The naive fix — let AI answer everything — is unsafe, because a confident wrong answer lands exactly on that high-stakes slice. The opposite — make a person read everything — spends the scarce resource on cases that never needed it. These kits are built around that tension: absorb the routine volume automatically, and guarantee the high-stakes cases reach a human.

The Product Principle

One rule holds across all five: AI drafts, a human approves anything risky — never the reverse. And the escalation decision is not left to the model's discretion alone. Each workflow runs a two-layer gate. First the model returns its own requires_human_approval flag inside strict JSON. Then deterministic code re-checks the case against kit-specific rules and can force escalation regardless of what the model said.

The model is allowed to be cautious; it is never the only thing standing between an automated action and a guest, a dollar, or a safety event.

How One Workflow Runs

Every kit is the same runnable spine — five n8n nodes, no cloud API keys, executable on a laptop:

Trigger — a sample case enters the workflow.
Load Inputs— the case is paired with the kit's system prompt.
Local LLM — Ollama (phi4:14b) returns strict JSON (json mode, temperature 0.2).
Parse + HIL Gate — the JSON is parsed, then the kit-specific rule decides auto-resolve vs. human approval.
Result — a structured object plus the human-approval flag.

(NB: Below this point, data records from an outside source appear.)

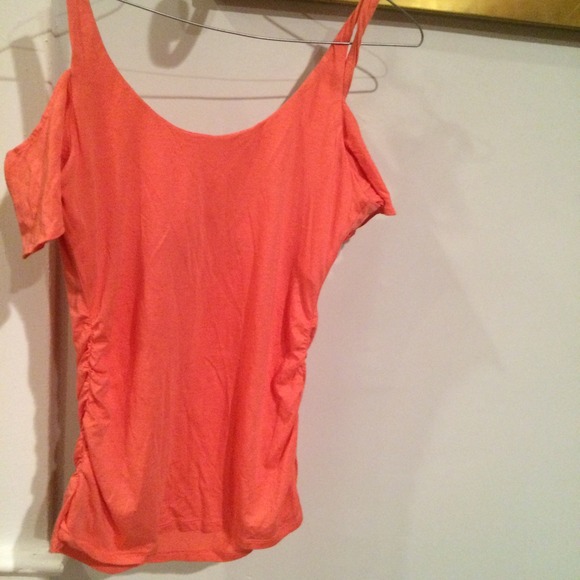 Top - Picture 2 of 2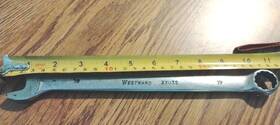 3xu32 Westward #19 Ratcheting Wrench Combination Metric 12 Pts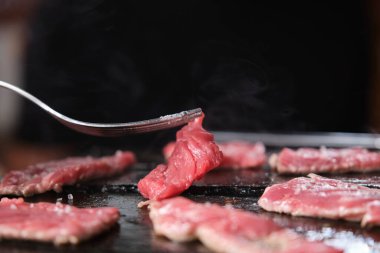 Lokantada biftek pişiriyorum..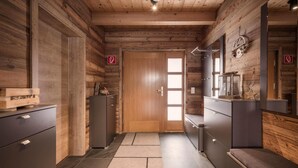 Un intérieur en bois avec une porte, des placards et un miroir.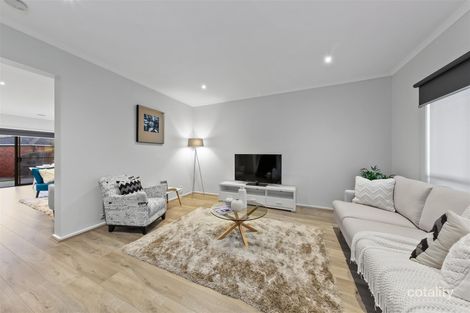 Property photo of 10 Callista Circuit Taylors Hill VIC 3037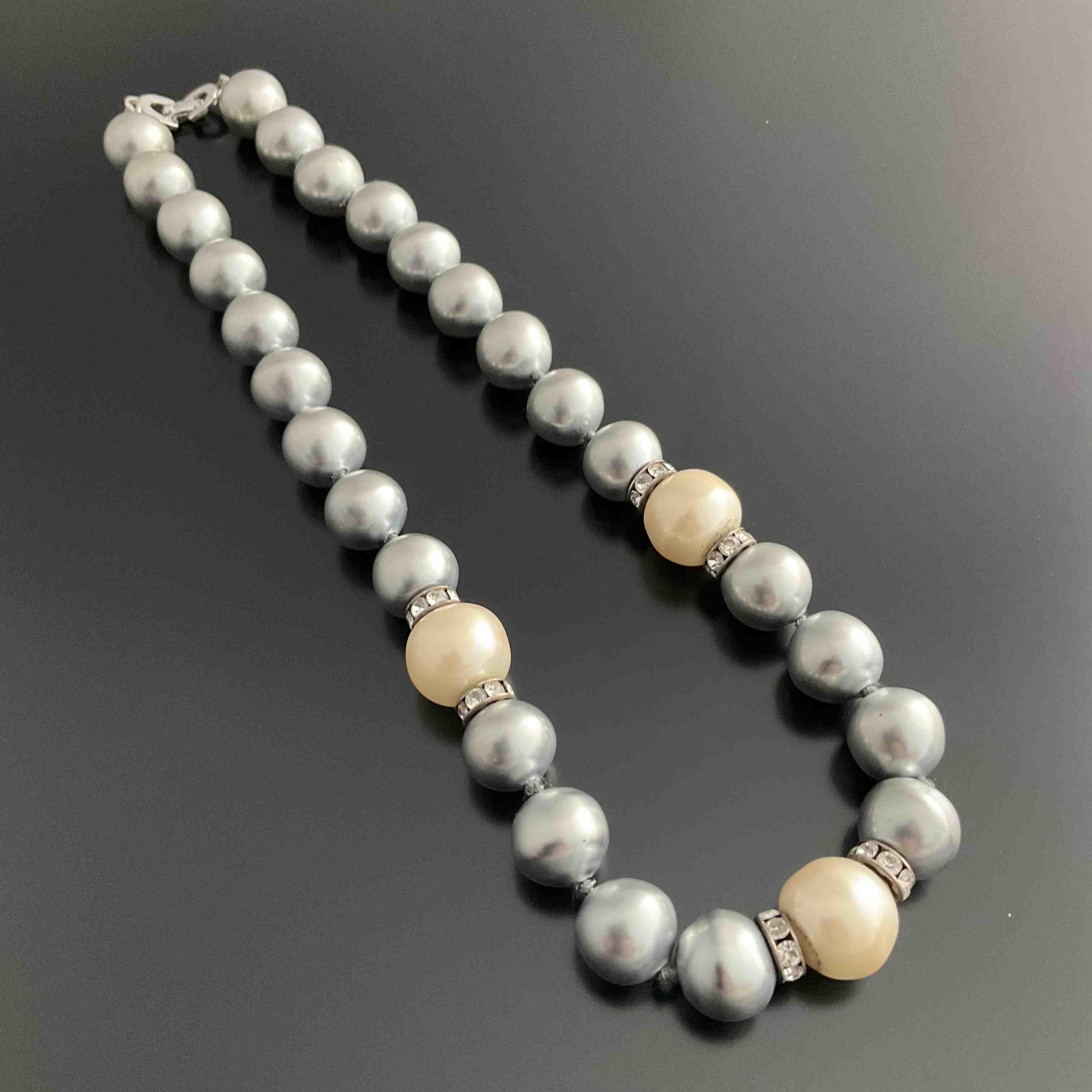 DIOR. COLLIER RAS-DE-COU de perles fantaisie baroques. Perles grises et...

The same five kits also ship a design-exact production graph that swaps the local model for real channels and models — covered below.

The Five Kits

Five kits, one spine. Each classifies, scores, or drafts in its domain and carries its own escalation rule. Every example below is a verified sample run from the local build.

Hospitality Ticket Triage

Human

Decides: category, priority (low → urgent), department, guest-facing draft reply
Escalates when: priority is high/urgent, or the text mentions refund, chargeback, passport, safety, injury, or legal
Verified run: “$2,400 chargeback”→priority: urgentHuman

Lead Qualification + Scoring

Human

Decides: ICP fit score (0–100), tier A/B/C, intent, next-best action, reply
Escalates when: score ≥ 80, tier A, enterprise/security/legal terms, or a borderline lead with hot intent
Verified run: “VP, multi-property, budget approved”→fit score 85Human

Review Response Agent

Auto

Decides: sentiment, category, severity, brand-voice public response
Escalates when: negative sentiment or high severity
Verified run: “5-star review”→positiveAuto

Customer Onboarding Engine

Auto

Decides: segment, personalization plan, first steps, risk flags, welcome
Escalates when: enterprise/high-value, SSO, security/legal, money-touching, or missing consent
Verified run: “SMB, non-technical”→routineAuto

Internal Ops SOP Bot

Human

Decides: answer, cited SOP references, confidence, reply (grounded RAG)
Escalates when: low confidence, or the question touches a spill, safety, HR, refund, or waiver
Verified run: “Refund policy?”→cites P1Human

From Prototype to Production

Alongside each runnable kit is a design-exact production scaffold — an importable n8n graph that is not yet run with live data. They share a common shape:

Multi-channel intake — webhook, email/IMAP, schedule, or Telegram.
Normalize — dedup, canonical schema, and consent / lawful-basis checks.
Cheap classifier → premium drafter — cost-tiered models, with citation-enforced retrieval (RAG) where there is a knowledge base.
Force-HIL validation — the deterministic gate, in code.
Mandatory approval — a send-and-wait step in Slack or email, with an approve / redraft / escalate router; execution only fires after approval.
Audit + recovery — an immutable log with cost tracking, a dedicated error sub-workflow, and feedback capture for continuous improvement.

Productionizing a kit means swapping the local-Ollama node for its real channels and model, adding credentials, and feeding sanitized data.

Scope & Honesty

The five runnable kits execute end to end on local Ollama with no cloud API keys; verified on built-in sample inputs (2026-06-02, gate retest 2026-06-19).
The production graphs are design-exact and importable, but have not yet been run with real channels or data.
No client metrics or ROI claims — this is sample-set proof of the classify/score/draft plus human-gate logic.
Sample inputs are synthetic and the embedded SOP policies are illustrative.